Why all the fuss about aioli? So-called experts say that any aioli not whipped together by hand is not worth eating. Humbug! A good machine-made aioli is better than pretty much anything you will find in a store and as good as or better than most of what you will find prepared by restaurants, cafés and the like. Aioli is unbeatable with vegetables, fish, meats, as a dip, on bread … wait, let´s just say that aioli isn´t that great with dessert, but otherwise good to go!
The following recipe is foolproof. I have made this aioli over and over and I´ve watched cooking students make it hundreds of times. I have only seen it botched a couple of times, only because the ones making it just didn´t care about life.
A blender is my weapon of choice for making aioli though a food processor will also work.

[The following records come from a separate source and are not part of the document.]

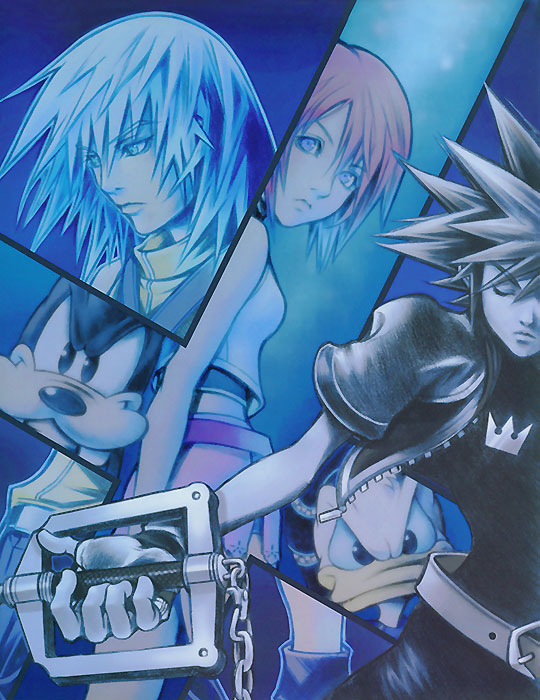 blue_eyes brown_hair chain crown donald_duck closed_eyes goofy grey_hair hand_on_weapon jewelry kairi_(shery_rakuura) keyblade kingdom_hearts long_hair looking_at_viewer looking_back necklace official_art red_hair riku_(kingdom_hearts) short_hair smile sora_(kingdom_hearts) spiked_hair weapon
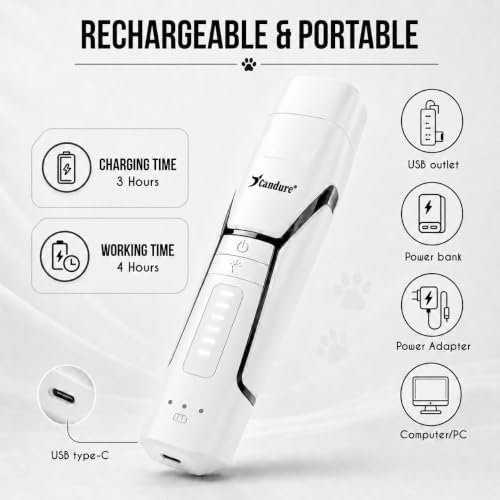Whisper Quiet Dog Nail Grinder with 360 Degree LED Light (White)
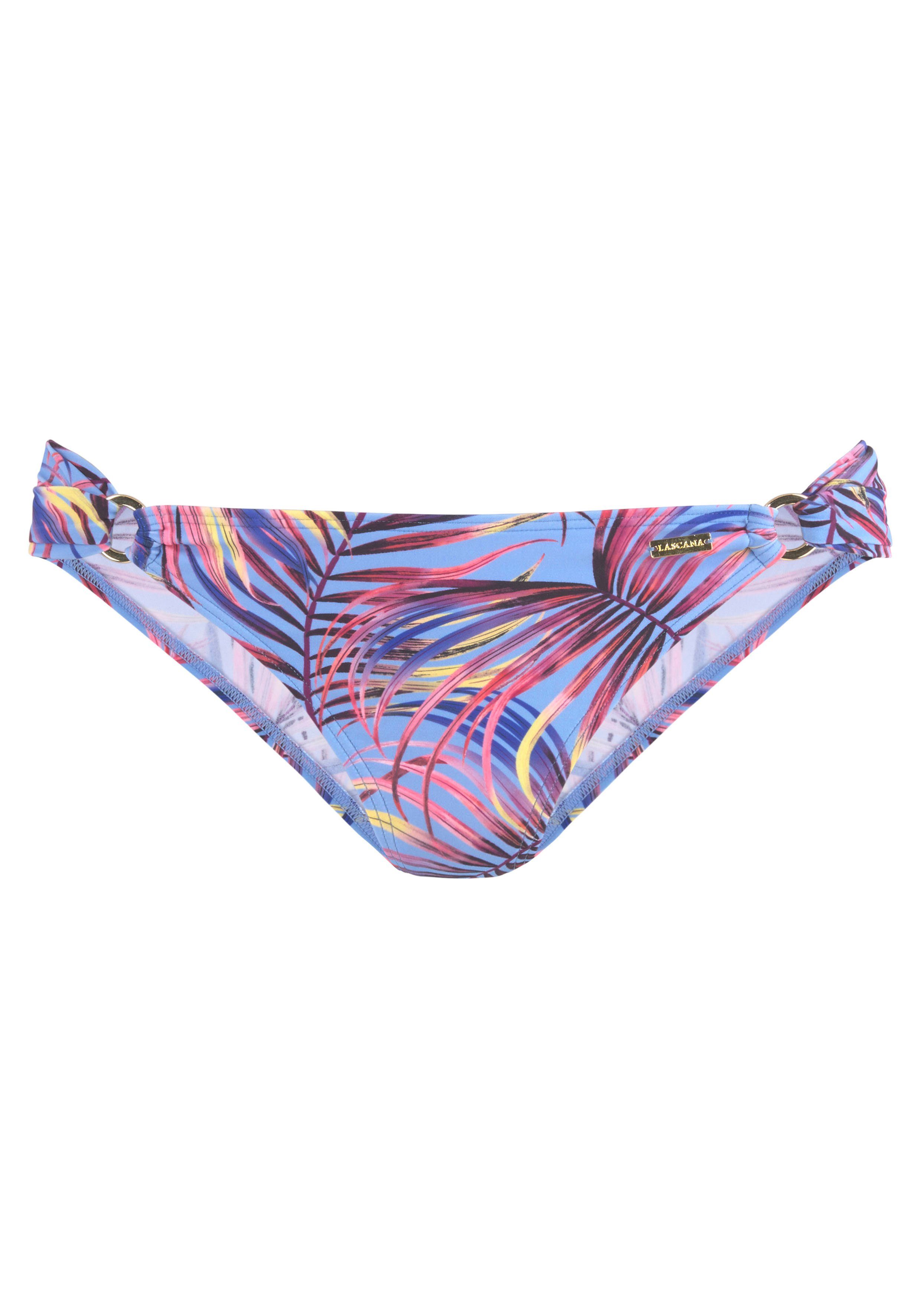 Lascana Bikinibroekje Breese met goudkleurige sierringen bikini broekjes maat 38 blauw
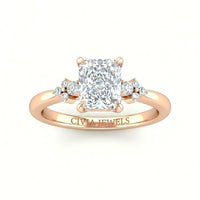 Rose Gold Radiant Diamond Engagement Ring With Floral Cluster Side Design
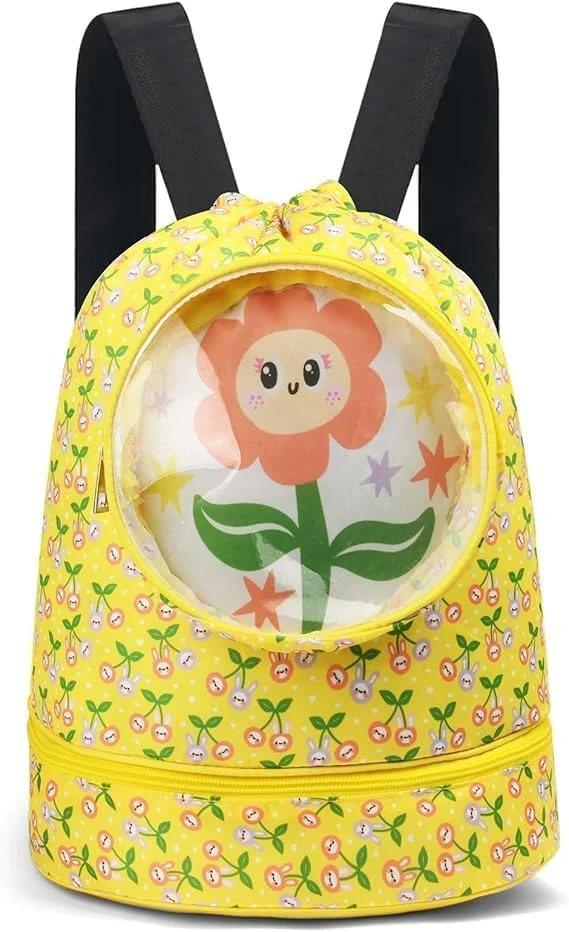 کیف بند دار بچه گانه، کیف بند دار ورزشی رنگارنگ و زیبا، کوله پشتی ضد آب شنا با بند پهن، کوله پشتی ساحلی شنا با جیب زیپ دار برای بچه ها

Writing on a computer does enough damage to our wrists. Why make matters worse by attempting a hand-whipped aioli that very well might not work?
The ingredients are simple: egg, lemon, vinegar, mustard, garlic, oil, salt and pepper. A neutral oil is a must. Make this baby with extra virgin olive oil and you´re in for a big surprise. I use black pepper but white is fine, especially for those of you whose OCD won´t let you use black pepper in a white (or in this case off-white) sauce. My version of OCD doesn´t mind the pepper but insists on a bit more lemon juice when the aioli is finished. I love that sharp garlicky taste when it´s backed up by that sharp lemony taste.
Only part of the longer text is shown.